Poignant and vividly detailed, this novel has moments of sadness, stories of pain and grief leavened through time and chores and staring out at a glorious lake. There's an overarching theme of redemption, and the healing effect of time, listening, and, at last, hearing. A beautifully simple, silhouetted cover makes use of the clearest of evening light - a gorgeous cover, I might add. I should also include this caveat: if you pick up this novel, give yourself a couple of hours of uninterrupted time. You won't want to put it down.

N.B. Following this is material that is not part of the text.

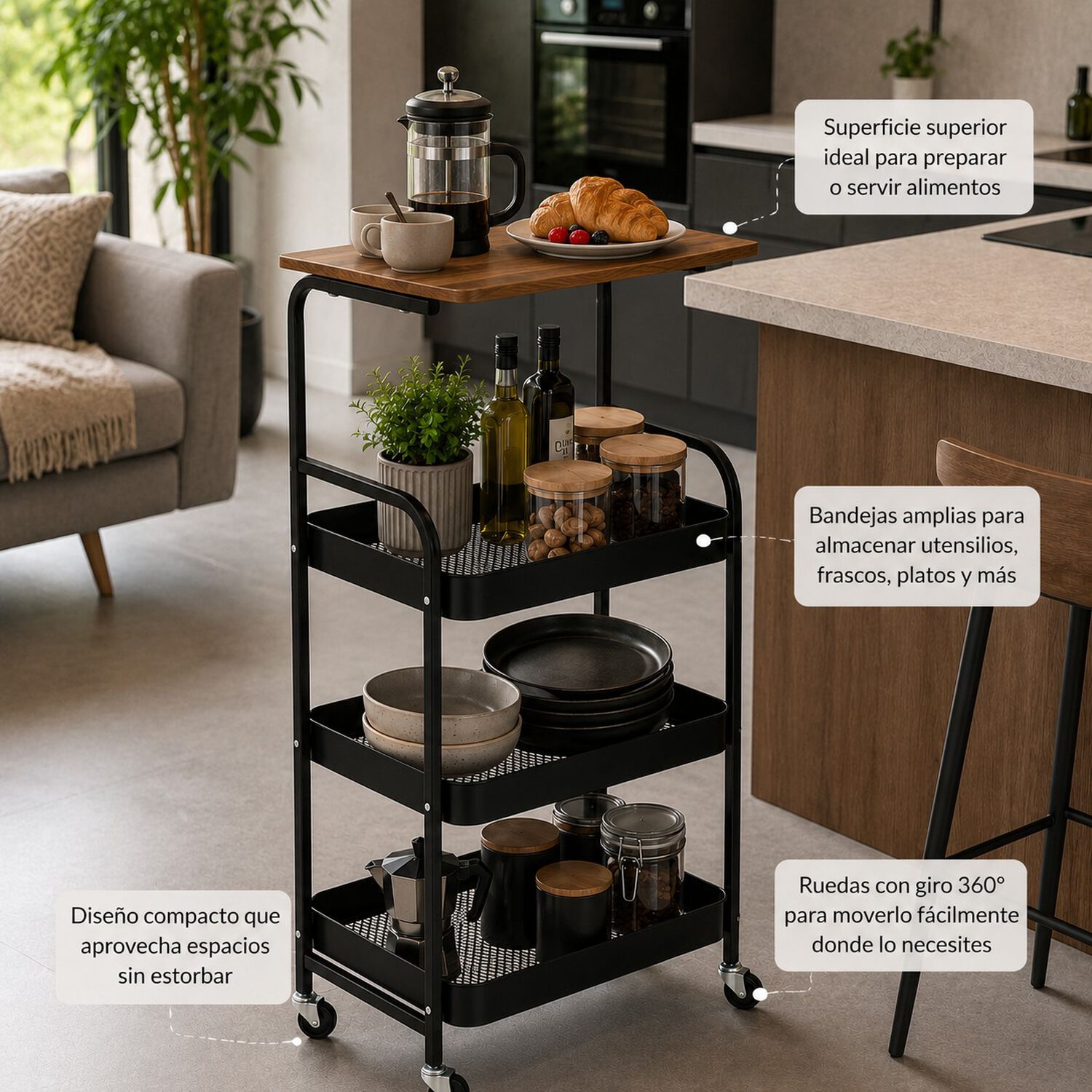 Organizador De Cocina Frutero Tipo Buffet De Madera Industrial Marca Mp Store image number 5.0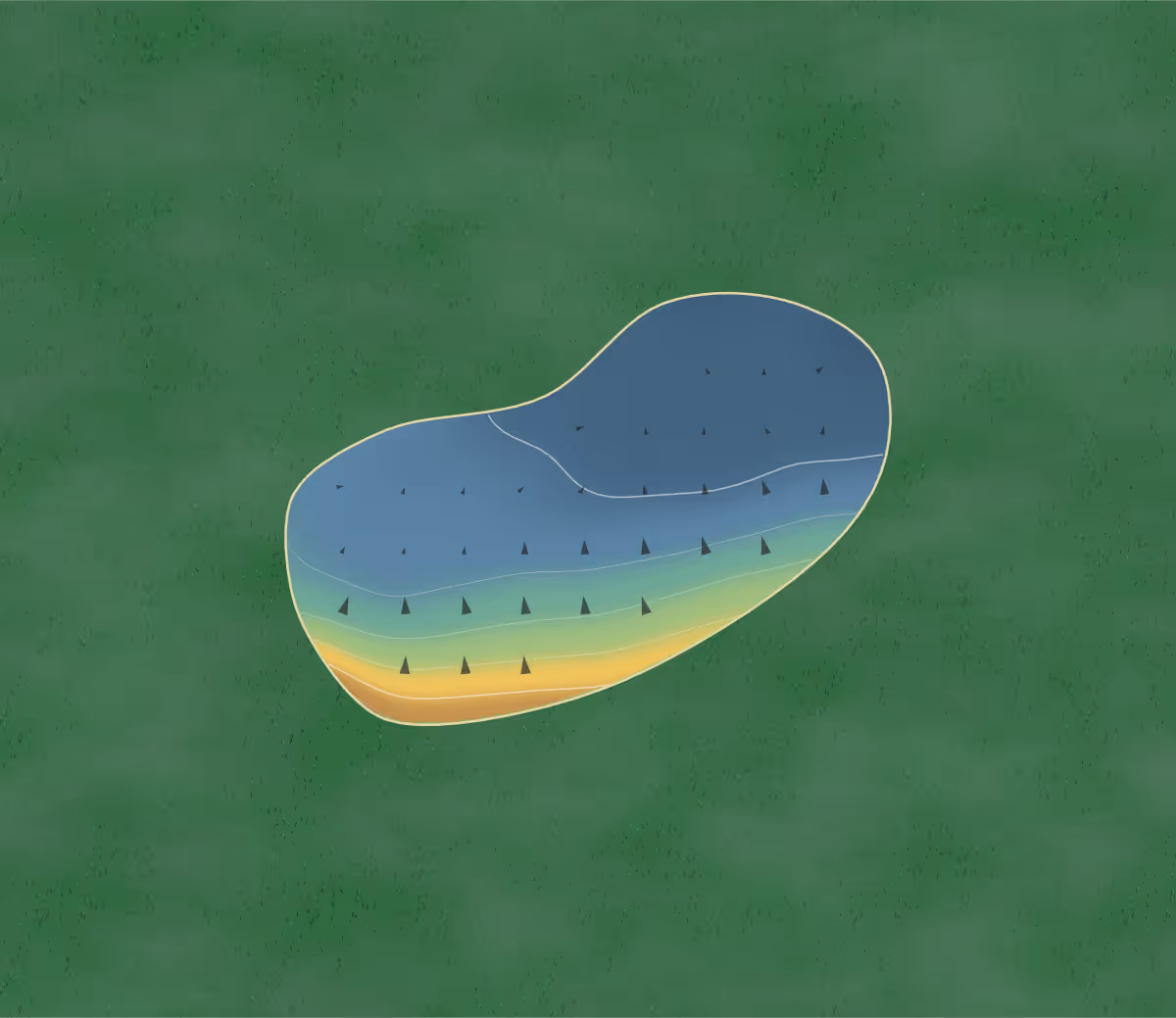 Green contour map of Blackwater in Bradford, Canada: 6 elevation contours at a 8-centimeter interval with fall-line arrows, traced from 1-meter lidar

Concerning Character: Rachel struggles. Her caseworker does her best, but she's run out of placements. The last place where Rachel was kicked out came with a lot of screaming and fury. She'd been careful, after getting arrested for breaking and entering, for essentially stalking a family until they left on vacation, and staying overnight in their home. She was only going to pick herself up a treat - a pack of Juicy Fruit, as a little relief from having to share her room with yet another new girl... but she got busted... and, since she was being brought home by the police at the very same moment her social worker was right there, with the new girl, away she went, her former foster mother's curses resounding in her ears. Rachel went back to the holding pattern that has been her life for the last five years, since her mother and brother were killed in an accident. Rachel is mouthy, stubborn, and very, very angry -- about everything, with everyone, all the time. It's not much of a life, and it's a little life that looks like it's going to get smaller... because her next placement is out in the BOONIES -- in the sticks. On a farm in the middle of nowhere, in the great, empty North. Walton Lake. Who'd even ever heard of that?

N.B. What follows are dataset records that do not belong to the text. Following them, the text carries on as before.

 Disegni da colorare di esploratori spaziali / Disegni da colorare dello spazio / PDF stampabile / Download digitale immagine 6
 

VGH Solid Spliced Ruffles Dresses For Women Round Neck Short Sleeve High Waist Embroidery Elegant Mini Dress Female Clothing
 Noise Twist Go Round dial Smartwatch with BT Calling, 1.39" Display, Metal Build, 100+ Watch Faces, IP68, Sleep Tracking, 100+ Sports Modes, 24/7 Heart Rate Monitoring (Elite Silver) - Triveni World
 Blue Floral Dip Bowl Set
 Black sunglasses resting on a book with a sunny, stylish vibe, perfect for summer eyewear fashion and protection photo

The place is straight out of the 1800's. Rachel's afraid they don't even have electricity and running water.

She'd run away, if she could figure out where the heck she came from...

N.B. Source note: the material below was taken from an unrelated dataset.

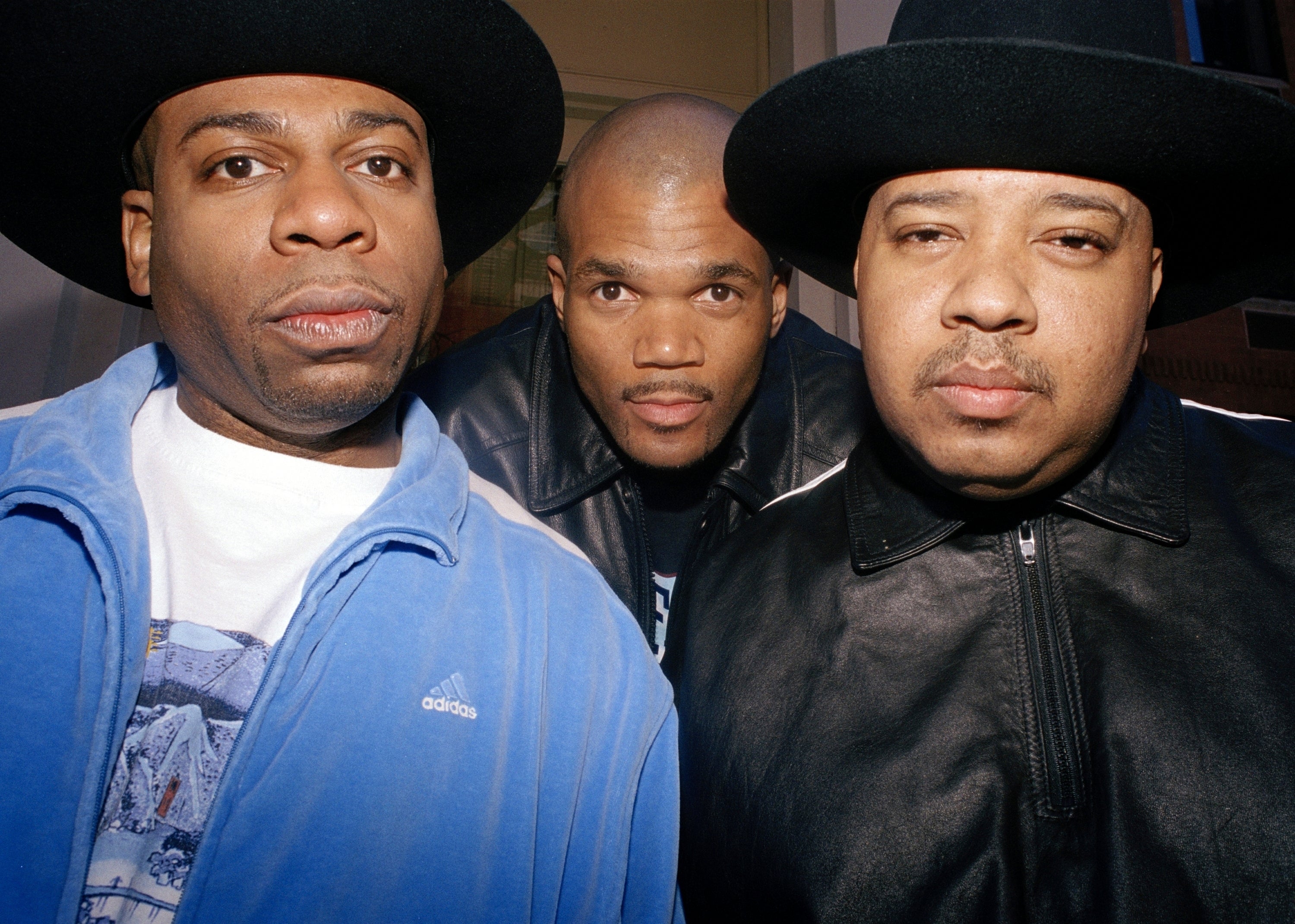 Rap trio Run-DMC in New York on 5 April 2001. From left: Jam Master Jay (Jason Mizell), DMC (Darryl McDaniels) and DJ Run (Joseph Simmons)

The other kids are circus freaks - Balloon Boy is so immensely fat that she's surprised he doesn't blow away, and the twins, Tweedle Dee and Tweedle Dum are just unnervingly twinnish and silent. The ringmaster in this little sideshow is the nastiest, wartiest-faced old woman Rachel has ever seen, and she spouts facts like she's a Guinness Book of World Records. Rachel has no idea what she's doing there. She doesn't belong. She's not a freak, and there's no way anyone can make her stay. And the rules are STUPID. She's required to spend an hour a day alone, at the lake? And "do your part" - what's that mean?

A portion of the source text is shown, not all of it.